This capital city of Northwest China's Shaanxi Province, which served as the capital of a number of dynasties in Chinese history, has mapped out an ambitious plan to better protect its ancient heritage.

As part of the plan, some 170,000 residents now living in the area surrounded by a rectangular historical wall will be moved outside, according to Lin Lize, an official with the Xi'an Municipal Urban Planning and Development Office.

The number to be moved outside of the area by 2020 would represent 40 per cent of the existing 420,000 population living inside the enclosure.

The Xi'an city wall was built in 1370 in the Ming Dynasty (1368-1644). With a length of 13.74 kilometres, the wall surrounds an area of nine square kilometres, which has been the centre of commercial activities and life for many centuries.

New districts will be built outside the city wall, protecting the weathered buildings and improving residents' living conditions.

"The office buildings of the municipal government will also be moved from the downtown area surrounded, and new governmental, commercial and residential districts will be formed outside the wall within 16 years," according to He Hongxing, director of the Xi'an Municipal Urban Planning Bureau.

"Our plan for the future development of Xi'an aims to make the city an international modern metropolis featuring both ancient culture and modern civilization. And the most important task for us is to properly protect the ancient district inside," Lin said.

However, increasing business activities and construction projects are making the district more and more crowded, the official said.

"Modern commercial complexes and high-rise residential buildings are very incongruous with the ancient buildings and damage the graceful bearing of the ancient city," said Xiang De, deputy director of the Xi'an Municipal Cultural Relics and Garden Bureau.

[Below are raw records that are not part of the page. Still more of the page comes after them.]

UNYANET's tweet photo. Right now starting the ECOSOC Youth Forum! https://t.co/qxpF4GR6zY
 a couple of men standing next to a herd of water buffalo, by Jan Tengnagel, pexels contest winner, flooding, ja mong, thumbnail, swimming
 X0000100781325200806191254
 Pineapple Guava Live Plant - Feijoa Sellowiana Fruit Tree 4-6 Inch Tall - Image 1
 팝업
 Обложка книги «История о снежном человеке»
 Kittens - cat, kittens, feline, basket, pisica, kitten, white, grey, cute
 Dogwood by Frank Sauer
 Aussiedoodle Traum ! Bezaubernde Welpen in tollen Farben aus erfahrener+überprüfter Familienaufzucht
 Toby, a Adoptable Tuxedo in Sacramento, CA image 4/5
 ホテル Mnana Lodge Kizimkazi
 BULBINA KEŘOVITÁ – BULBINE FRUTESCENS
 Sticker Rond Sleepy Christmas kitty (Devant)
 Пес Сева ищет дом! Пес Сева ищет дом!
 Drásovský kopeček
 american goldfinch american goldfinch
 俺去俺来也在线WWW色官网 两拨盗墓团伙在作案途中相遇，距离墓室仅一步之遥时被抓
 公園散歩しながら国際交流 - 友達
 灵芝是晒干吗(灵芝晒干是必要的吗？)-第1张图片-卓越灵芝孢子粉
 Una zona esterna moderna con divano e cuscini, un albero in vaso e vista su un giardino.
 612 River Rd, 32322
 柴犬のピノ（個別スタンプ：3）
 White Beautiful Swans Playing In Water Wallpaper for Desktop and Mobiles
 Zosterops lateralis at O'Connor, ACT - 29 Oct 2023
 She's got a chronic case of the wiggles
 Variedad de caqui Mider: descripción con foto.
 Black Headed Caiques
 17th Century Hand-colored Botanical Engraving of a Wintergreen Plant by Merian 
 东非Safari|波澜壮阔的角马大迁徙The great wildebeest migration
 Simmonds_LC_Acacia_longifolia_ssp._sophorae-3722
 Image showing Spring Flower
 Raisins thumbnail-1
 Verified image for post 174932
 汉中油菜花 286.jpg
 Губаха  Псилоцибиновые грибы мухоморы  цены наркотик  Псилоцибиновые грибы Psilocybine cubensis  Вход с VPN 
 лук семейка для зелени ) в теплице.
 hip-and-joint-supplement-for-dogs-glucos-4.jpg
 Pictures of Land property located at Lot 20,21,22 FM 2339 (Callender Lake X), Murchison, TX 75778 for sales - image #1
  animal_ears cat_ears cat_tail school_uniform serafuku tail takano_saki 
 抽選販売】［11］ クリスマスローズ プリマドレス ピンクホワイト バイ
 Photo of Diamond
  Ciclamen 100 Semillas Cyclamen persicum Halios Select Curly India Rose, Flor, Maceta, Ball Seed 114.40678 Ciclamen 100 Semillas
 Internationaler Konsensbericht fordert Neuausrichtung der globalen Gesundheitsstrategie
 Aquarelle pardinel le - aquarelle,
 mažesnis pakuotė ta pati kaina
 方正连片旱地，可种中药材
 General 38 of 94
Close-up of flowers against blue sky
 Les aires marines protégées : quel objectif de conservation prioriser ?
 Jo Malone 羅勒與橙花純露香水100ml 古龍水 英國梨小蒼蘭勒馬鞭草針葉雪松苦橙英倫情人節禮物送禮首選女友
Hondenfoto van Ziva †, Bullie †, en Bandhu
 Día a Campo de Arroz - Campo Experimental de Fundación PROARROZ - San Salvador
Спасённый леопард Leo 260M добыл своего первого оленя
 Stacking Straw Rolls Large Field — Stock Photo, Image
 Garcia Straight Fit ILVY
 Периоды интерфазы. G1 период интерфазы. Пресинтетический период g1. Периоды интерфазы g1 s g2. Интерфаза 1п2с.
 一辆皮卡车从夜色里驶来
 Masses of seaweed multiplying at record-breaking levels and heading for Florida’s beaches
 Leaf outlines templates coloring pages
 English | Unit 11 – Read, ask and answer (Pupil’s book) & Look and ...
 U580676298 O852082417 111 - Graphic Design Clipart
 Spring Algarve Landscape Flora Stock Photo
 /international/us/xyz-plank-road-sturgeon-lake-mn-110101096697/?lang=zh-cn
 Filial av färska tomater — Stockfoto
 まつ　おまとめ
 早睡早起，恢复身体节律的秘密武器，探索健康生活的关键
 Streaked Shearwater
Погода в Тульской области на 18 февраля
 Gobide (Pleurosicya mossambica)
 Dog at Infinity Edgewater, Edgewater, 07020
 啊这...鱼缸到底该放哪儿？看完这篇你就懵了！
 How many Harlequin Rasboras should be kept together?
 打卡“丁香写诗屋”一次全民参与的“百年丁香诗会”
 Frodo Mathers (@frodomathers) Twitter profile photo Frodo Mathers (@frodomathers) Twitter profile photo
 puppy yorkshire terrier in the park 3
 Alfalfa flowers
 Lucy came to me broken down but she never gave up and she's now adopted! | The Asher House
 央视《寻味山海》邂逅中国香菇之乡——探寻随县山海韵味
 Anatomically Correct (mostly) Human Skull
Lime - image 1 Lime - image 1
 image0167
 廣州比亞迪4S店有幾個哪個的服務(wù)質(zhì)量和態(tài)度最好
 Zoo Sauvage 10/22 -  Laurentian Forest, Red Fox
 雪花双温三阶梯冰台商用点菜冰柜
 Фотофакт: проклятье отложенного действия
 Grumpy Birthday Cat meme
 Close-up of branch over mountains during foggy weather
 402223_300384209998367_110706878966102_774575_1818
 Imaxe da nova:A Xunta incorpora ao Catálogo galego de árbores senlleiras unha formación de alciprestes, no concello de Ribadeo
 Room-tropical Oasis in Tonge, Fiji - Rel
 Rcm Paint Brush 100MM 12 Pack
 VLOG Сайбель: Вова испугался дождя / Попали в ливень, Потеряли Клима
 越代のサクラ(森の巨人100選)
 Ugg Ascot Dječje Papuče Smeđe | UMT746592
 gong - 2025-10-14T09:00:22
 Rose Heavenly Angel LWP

Ancient buildings, ruins and cultural relics cannot be reproduced and when protection for ancient relics contradicts modern development, more attention should be paid to the former, Xiang said.

Xi'an, named Chang'an in ancient time, used to be the most thriving metropolis in the world in the Tang Dynasty (AD 618-907), and it served intermittently as the capital of 11 dynasties for 1,068 years since Western Zhou Dynasty (11th century-771 BC).

The long history left Xi'an a large number of ancient relics and buildings, of which many are located inside the ancient city wall, the best-protected wall in China.

In order to better protect the buildings and relics, the local government issued "Regulations for the Protection of the Historical and Cultural City of Xi'an' in 2002, stipulating clearly that the population inside the ancient city wall be moved out progressively. And in 2003, the urban planning bureau proposed that in the district surrounded by the wall no new buildings should be constructed during the planning and renovation period, the director said.